Estudos, memórias e beijos

Cristina Romanelli

  • Depois de horas de estudo e pesquisa, nada melhor do que namorar. Pelo menos era essa a ideia do antropólogo Darcy Ribeiro (1922-1997) ao idealizar, junto com o arquiteto João Figueiras Lima, o Lelé, o projeto do centro cultural que receberá seu acervo. Em frente a um palco a céu aberto, onde poderão ser realizadas serestas, leituras de teatro e de poesia, há uma arquibancada para mais de duzentas pessoas. Nesse local, apelidado por ele de “Beijódromo”, todos estão livres para namorar à vontade. O nome deu tão certo que virou apelido de todo o espaço. O Memorial Darcy Ribeiro será inaugurado na Universidade de Brasília (UnB) no dia 26 de outubro, quando o antropólogo completaria 88 anos.

    “Quando criou a Fundação Darcy Ribeiro, em 1996, seu sonho era que ela ficasse na UnB, sua filha querida. Ele idealizou a universidade e foi seu primeiro reitor”, lembra Paulo Ribeiro, sobrinho do antropólogo e presidente da fundação, que acabou sendo instalada no Rio de Janeiro. Quase quinze anos depois, todo o acervo pessoal de Darcy está de malas prontas para Brasília. Entre as raridades está a única película do filme em 35 mm produzido por ele e pelo cineasta Heinz Foerthmann entre os índios Urubu-Kaapor em 1949. O acervo inclui ainda projetos, correspondências, planos de aula, palestras, vídeos e entrevistas. Tudo isso estava arquivado no Rio de Janeiro, com acesso só permitido a estudantes de mestrado e doutorado.

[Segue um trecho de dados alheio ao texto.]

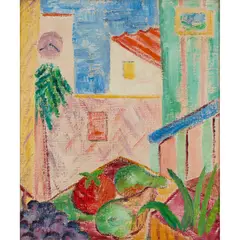 Donald Bain, FRUITERIE, oil on canvas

    Espalhadas pelos dois andares do memorial, que parece tanto uma oca indígena como um disco voador, estarão obras de arte que pertenceram ao antropólogo. O local terá cineclube, galeria de arte, jardim interno, cafeteria, livraria, sala de informática e biblioteca com 30 mil volumes que faziam parte da coleção de Darcy e de sua primeira mulher, Berta Gleizer Ribeiro. Também antropóloga, ela trabalhou com o marido no projeto de criação do Parque Nacional do Xingu, em 1961, e escreveu o livro Diário do Xingu (Paz e Terra, 1979), com depoimentos sobre o convívio com os índios da região.

    É difícil encontrar uma pessoa que nunca tenha ouvido falar de Darcy Ribeiro, seja em nome de prêmio, de fundação, de escola de cinema, de universidade. Mais difícil ainda é achar alguém que saiba definir quem foi ele. Antropólogo é pouco. Ele foi educador, imortal da Academia Brasileira de Letras, ministro da Educação, senador da República... Darcy lutou pela cultura indígena, pela educação, e desempenhou muitas funções, a maioria delas sem nome. Mas a irreverência, que também era sua marca registrada, está presente no memorial. Seja para namorar ou para estudar, o Beijódromo é um presente e tanto para os 50 anos de Brasília e da UnB, que completa a mesma idade em 2011.